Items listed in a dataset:
------

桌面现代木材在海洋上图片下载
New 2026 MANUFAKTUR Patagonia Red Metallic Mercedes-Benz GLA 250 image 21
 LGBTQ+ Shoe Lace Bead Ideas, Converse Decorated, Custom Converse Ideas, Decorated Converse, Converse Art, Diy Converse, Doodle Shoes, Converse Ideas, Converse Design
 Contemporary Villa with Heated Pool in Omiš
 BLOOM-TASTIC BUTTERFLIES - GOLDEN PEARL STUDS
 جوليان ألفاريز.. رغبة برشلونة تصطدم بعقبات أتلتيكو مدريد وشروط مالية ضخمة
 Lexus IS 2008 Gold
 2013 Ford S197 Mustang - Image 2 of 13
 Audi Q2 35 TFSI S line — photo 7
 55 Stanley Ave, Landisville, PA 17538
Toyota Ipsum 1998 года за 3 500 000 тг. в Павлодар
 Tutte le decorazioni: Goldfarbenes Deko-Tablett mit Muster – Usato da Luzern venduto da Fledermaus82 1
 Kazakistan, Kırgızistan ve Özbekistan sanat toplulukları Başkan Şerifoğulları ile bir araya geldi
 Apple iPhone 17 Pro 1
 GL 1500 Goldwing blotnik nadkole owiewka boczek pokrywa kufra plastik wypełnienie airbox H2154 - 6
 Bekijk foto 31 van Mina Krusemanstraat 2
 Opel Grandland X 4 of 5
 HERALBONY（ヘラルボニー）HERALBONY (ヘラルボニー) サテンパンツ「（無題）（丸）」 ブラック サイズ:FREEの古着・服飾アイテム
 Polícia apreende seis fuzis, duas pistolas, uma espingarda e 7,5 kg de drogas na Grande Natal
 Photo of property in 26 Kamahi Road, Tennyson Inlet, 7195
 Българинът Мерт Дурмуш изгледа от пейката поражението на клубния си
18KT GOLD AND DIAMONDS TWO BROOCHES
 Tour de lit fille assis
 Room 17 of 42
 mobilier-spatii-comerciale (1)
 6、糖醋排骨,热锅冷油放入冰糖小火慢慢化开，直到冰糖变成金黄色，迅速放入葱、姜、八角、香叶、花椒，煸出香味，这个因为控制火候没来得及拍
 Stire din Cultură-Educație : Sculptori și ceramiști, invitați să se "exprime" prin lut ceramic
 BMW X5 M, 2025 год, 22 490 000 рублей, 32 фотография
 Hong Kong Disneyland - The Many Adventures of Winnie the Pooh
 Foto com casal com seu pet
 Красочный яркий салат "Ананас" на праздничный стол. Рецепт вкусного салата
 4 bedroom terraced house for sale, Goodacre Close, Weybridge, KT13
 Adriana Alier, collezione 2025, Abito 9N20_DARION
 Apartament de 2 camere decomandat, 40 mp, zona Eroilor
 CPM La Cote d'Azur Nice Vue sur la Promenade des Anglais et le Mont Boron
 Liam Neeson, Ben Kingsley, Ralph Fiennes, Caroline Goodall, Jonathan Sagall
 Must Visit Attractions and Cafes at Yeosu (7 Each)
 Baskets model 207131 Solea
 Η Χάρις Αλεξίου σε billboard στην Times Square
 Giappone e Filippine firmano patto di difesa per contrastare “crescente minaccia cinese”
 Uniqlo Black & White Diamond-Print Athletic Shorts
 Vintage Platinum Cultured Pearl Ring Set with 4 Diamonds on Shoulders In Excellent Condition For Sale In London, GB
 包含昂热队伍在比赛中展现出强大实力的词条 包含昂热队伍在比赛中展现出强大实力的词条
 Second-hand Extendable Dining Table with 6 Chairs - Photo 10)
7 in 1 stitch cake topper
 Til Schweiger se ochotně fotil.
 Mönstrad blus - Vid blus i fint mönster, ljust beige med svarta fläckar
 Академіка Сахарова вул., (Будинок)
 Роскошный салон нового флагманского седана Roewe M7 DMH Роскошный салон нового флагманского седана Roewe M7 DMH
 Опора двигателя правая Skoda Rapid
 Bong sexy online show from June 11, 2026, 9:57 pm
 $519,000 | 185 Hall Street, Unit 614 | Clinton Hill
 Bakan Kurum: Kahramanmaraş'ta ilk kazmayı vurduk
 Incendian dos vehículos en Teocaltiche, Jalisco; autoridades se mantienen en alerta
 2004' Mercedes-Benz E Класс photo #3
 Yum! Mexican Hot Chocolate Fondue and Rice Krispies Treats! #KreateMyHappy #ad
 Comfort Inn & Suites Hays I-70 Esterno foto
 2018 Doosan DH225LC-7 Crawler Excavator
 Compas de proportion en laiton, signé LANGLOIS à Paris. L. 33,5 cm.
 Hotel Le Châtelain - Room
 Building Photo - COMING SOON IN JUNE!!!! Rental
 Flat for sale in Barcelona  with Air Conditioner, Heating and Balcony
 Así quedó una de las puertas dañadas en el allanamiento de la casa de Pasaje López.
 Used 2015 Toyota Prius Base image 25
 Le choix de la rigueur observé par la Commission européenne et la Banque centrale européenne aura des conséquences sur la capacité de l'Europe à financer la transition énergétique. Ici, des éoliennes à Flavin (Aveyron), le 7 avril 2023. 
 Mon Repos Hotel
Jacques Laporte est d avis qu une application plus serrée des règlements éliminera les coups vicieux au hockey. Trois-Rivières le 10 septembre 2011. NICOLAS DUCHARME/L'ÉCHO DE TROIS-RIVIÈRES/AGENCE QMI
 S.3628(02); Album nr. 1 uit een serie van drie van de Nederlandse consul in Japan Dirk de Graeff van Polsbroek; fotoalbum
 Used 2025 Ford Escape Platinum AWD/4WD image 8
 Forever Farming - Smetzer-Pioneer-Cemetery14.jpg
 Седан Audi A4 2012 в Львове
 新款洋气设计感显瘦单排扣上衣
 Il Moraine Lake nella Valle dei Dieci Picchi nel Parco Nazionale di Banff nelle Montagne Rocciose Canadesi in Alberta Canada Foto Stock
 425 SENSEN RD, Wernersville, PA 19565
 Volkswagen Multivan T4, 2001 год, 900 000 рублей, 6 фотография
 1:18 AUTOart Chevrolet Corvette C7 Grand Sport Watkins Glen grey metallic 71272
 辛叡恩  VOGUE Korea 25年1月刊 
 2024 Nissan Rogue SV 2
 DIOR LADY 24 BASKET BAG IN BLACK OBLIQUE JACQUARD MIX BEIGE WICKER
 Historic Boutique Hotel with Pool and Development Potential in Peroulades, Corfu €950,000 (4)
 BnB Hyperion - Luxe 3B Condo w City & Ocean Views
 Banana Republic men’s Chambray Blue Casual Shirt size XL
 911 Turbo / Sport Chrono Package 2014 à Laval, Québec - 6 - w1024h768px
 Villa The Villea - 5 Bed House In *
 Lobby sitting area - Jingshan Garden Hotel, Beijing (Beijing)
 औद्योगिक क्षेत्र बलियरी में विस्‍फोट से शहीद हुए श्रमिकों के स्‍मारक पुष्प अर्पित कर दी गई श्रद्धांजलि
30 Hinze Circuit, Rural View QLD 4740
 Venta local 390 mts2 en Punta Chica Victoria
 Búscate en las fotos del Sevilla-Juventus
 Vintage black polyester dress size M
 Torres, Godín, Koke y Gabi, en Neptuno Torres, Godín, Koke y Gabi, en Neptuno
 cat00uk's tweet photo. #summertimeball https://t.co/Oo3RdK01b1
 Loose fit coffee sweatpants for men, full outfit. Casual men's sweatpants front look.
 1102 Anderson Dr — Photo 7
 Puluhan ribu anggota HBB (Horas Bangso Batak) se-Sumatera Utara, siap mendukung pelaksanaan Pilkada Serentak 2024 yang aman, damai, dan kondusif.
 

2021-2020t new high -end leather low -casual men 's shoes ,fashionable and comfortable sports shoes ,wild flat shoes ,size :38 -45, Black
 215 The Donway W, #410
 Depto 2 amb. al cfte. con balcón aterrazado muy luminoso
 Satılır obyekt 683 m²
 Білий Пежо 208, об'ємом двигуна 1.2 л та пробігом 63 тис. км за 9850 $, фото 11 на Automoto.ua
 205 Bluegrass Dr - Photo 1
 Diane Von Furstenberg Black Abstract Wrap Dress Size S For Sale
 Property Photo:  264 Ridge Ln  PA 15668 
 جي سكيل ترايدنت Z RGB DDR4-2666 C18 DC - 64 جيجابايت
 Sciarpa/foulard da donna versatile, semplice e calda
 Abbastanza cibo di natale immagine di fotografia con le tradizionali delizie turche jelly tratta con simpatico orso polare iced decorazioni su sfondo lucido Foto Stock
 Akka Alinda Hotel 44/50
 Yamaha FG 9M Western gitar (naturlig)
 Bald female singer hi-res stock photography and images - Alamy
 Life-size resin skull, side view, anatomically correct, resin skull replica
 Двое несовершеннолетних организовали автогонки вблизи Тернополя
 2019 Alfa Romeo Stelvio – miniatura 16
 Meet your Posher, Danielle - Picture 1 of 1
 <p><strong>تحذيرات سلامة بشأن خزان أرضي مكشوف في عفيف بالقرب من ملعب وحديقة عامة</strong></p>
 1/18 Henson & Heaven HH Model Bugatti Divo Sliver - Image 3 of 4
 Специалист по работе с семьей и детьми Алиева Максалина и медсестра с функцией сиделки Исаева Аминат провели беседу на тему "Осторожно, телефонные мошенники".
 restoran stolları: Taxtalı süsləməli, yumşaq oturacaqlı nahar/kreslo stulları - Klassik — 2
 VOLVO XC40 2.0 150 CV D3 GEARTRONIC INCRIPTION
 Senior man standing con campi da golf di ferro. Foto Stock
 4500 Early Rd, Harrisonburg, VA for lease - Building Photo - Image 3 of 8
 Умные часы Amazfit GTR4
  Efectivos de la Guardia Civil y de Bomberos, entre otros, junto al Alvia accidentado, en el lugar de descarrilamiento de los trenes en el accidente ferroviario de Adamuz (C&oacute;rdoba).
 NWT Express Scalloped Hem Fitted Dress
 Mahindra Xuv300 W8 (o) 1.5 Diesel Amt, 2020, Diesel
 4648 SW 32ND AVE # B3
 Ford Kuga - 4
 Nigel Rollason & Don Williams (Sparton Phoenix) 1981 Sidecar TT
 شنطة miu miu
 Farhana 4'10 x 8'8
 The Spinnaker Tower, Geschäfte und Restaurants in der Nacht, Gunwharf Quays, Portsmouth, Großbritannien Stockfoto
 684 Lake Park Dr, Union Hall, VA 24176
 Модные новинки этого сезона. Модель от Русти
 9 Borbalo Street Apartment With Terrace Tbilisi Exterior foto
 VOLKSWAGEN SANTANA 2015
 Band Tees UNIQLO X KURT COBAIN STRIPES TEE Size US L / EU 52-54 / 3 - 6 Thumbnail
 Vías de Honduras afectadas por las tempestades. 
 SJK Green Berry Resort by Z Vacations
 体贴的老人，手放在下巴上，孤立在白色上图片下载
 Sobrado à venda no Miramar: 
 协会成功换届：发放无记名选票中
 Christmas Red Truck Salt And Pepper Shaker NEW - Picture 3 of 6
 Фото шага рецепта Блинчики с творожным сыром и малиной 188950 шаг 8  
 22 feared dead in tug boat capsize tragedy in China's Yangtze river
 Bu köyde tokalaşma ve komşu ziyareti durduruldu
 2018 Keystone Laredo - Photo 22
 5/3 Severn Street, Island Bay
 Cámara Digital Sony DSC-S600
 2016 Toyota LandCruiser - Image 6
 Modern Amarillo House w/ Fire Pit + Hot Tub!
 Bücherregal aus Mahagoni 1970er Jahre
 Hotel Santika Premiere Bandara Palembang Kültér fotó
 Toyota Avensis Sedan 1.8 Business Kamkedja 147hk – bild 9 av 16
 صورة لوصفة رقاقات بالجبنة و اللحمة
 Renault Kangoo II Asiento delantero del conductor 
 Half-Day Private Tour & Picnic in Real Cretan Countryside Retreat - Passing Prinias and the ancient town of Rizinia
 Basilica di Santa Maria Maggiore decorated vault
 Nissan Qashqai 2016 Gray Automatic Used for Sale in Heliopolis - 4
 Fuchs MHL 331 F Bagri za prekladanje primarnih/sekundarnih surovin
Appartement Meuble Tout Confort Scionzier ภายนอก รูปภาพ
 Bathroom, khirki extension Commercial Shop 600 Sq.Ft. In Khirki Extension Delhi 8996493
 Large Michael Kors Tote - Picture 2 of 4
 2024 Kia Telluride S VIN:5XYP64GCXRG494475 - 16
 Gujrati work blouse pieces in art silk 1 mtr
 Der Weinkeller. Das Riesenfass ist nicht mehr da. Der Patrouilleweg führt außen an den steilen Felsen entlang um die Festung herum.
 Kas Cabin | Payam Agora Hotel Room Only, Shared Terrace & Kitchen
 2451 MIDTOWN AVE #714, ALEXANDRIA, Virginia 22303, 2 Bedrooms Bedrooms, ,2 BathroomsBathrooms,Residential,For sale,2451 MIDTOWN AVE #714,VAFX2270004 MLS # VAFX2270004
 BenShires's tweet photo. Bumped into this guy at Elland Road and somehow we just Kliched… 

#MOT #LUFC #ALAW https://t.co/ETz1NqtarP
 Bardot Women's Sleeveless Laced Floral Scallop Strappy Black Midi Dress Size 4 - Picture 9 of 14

------

TASK:
If a line in the data above contains "Platinum", return that line.

ANSWER TO THIS EXERCISE:
 Vintage Platinum Cultured Pearl Ring Set with 4 Diamonds on Shoulders In Excellent Condition For Sale In London, GB
 Used 2025 Ford Escape Platinum AWD/4WD image 8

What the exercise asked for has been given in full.